Cédric O arrive dans son allocution à la conclusion que StopCovid fonctionnera sur iPhone mais aurait pu « mieux fonctionner ». Ce n’est qu’en partie vrai. Si faire une application de traçage des contacts sans passer par l’API Apple/Google est possible, les limites évoquées dans l’utilisation du Bluetooth ne sont pas toutes surmontables.
L’exemple singapourien l’a montré : l’application TraceTogether, sortie bien avant le projet Apple/Google, n’a pas fonctionné. En pratique, son utilisation était impossible : l’application devait être en permanence affichée à l’écran, entraînant tout à la fois un drain de batterie et une impossibilité d’utiliser le smartphone. Au premier problème, Singapour avait répondu par une pirouette permettant de baisser la luminosité de l’écran : autant dire que cela n’a pas convaincu. Début mai, le pays a d’ailleurs annoncé le déploiement d’un système de scan de QR Code, obligatoire.
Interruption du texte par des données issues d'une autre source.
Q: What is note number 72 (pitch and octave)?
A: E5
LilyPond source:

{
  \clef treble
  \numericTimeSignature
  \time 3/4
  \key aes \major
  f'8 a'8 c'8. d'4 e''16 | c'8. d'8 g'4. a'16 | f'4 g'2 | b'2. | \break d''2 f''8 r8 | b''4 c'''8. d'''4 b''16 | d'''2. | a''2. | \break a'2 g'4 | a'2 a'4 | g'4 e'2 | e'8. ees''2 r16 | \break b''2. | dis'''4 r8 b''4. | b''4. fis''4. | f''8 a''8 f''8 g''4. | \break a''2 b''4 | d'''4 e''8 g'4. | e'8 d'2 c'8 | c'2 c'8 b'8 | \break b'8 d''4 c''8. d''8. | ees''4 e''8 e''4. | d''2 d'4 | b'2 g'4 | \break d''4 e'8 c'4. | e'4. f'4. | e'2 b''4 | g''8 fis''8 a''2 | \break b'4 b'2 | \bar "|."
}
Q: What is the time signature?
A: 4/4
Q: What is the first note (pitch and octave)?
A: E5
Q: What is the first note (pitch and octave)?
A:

Dans le même temps, TraceTogether est en train d’être « améliorée » avec l’aide d’Apple et de Google.
Qui sera responsable des « malades et des morts supplémentaires », les Français ou le gouvernement ?
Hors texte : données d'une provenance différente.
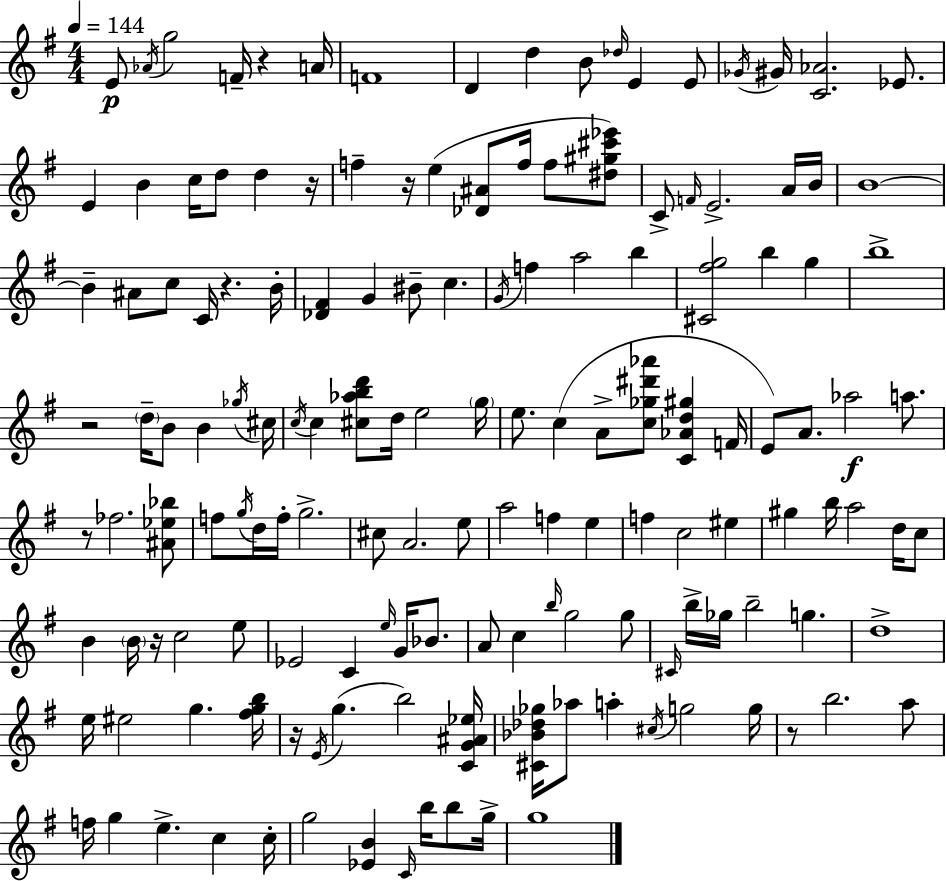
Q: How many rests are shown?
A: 9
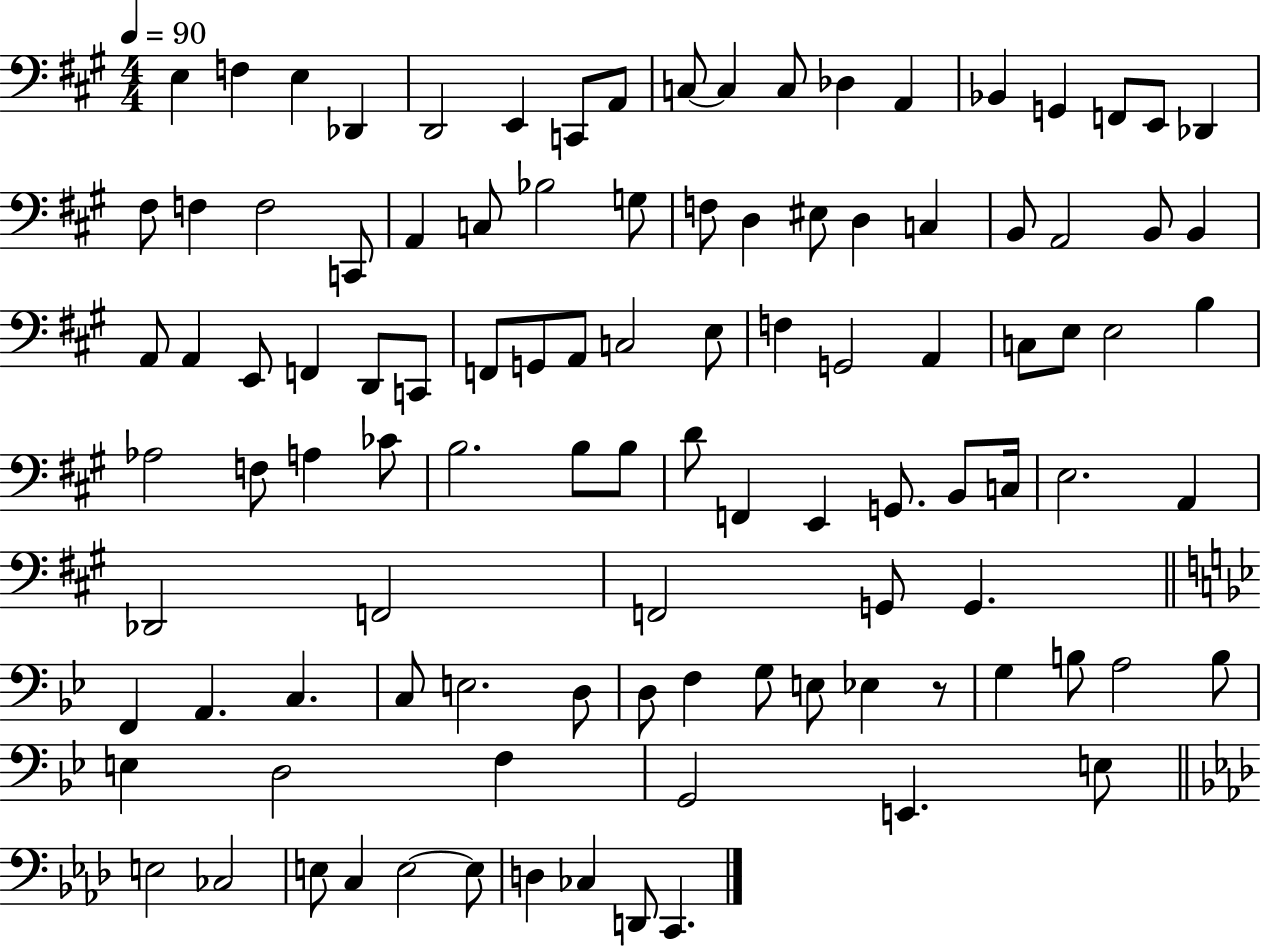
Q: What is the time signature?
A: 4/4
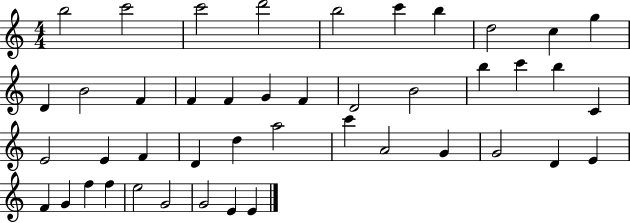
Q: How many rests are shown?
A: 0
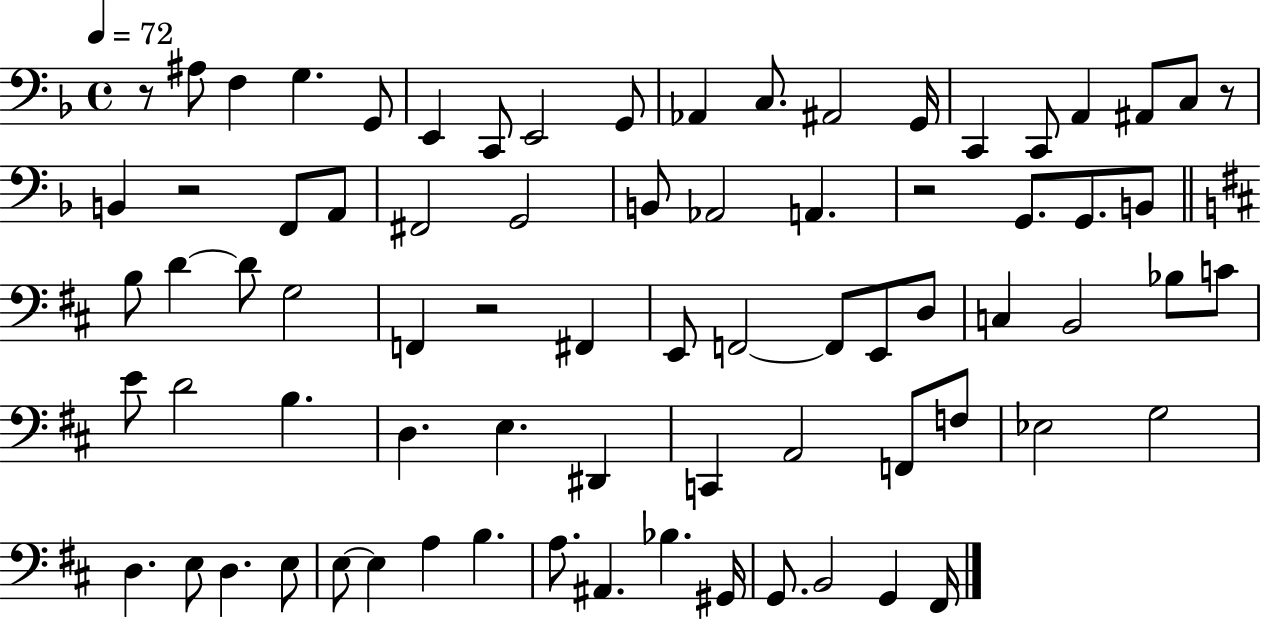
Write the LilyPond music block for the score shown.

{
  \clef bass
  \time 4/4
  \defaultTimeSignature
  \key f \major
  \tempo 4 = 72
  r8 ais8 f4 g4. g,8 | e,4 c,8 e,2 g,8 | aes,4 c8. ais,2 g,16 | c,4 c,8 a,4 ais,8 c8 r8 | \break b,4 r2 f,8 a,8 | fis,2 g,2 | b,8 aes,2 a,4. | r2 g,8. g,8. b,8 | \break \bar "||" \break \key d \major b8 d'4~~ d'8 g2 | f,4 r2 fis,4 | e,8 f,2~~ f,8 e,8 d8 | c4 b,2 bes8 c'8 | \break e'8 d'2 b4. | d4. e4. dis,4 | c,4 a,2 f,8 f8 | ees2 g2 | \break d4. e8 d4. e8 | e8~~ e4 a4 b4. | a8. ais,4. bes4. gis,16 | g,8. b,2 g,4 fis,16 | \break \bar "|."
}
Alors oui, il existe des manières de faire fonctionner ces applications de manière moins pénible, comme l’affirment l’Australie et le Royaume-Uni. Pour le Royaume-Uni, cela implique de « réveiller » l’application à chaque fois que le logiciel est détecté à proximité sur un autre smartphone, avec un impact sur la batterie. La solution australienne a montré ses limites également : au-delà de l’autonomie des smartphones, les interférences causées par d’autres applications utilisant le Bluetooth ont été jugées problématiques en pratique.
On ne peut donc s’empêcher de remarquer un double discours du secrétaire d’État : dans un billet de blog sur Medium publié le week-end du 2 mai, il affirme que l’opposition philosophique d’un citoyen à l’installation de StopCovid pourrait entraîner plus de morts et de malades. Mais comment, alors, justifier que l’équipe-projet s’entête dans une version de StopCovid qui coupera tous les possesseurs d’iPhone d’une réponse numérique idéale à la crise sanitaire ? Comment justifiera-t-on qu’un choix de consommateur force à accepter qu’il y ait « un risque significatif de malades et de morts supplémentaires » ? N’est-ce pas à l’État, justement, de prendre une décision politique qui permettra à toutes et à tous d’utiliser l’application StopCovid dans les meilleures conditions ? À cela, le secrétaire d’État ne donne pas de réponses.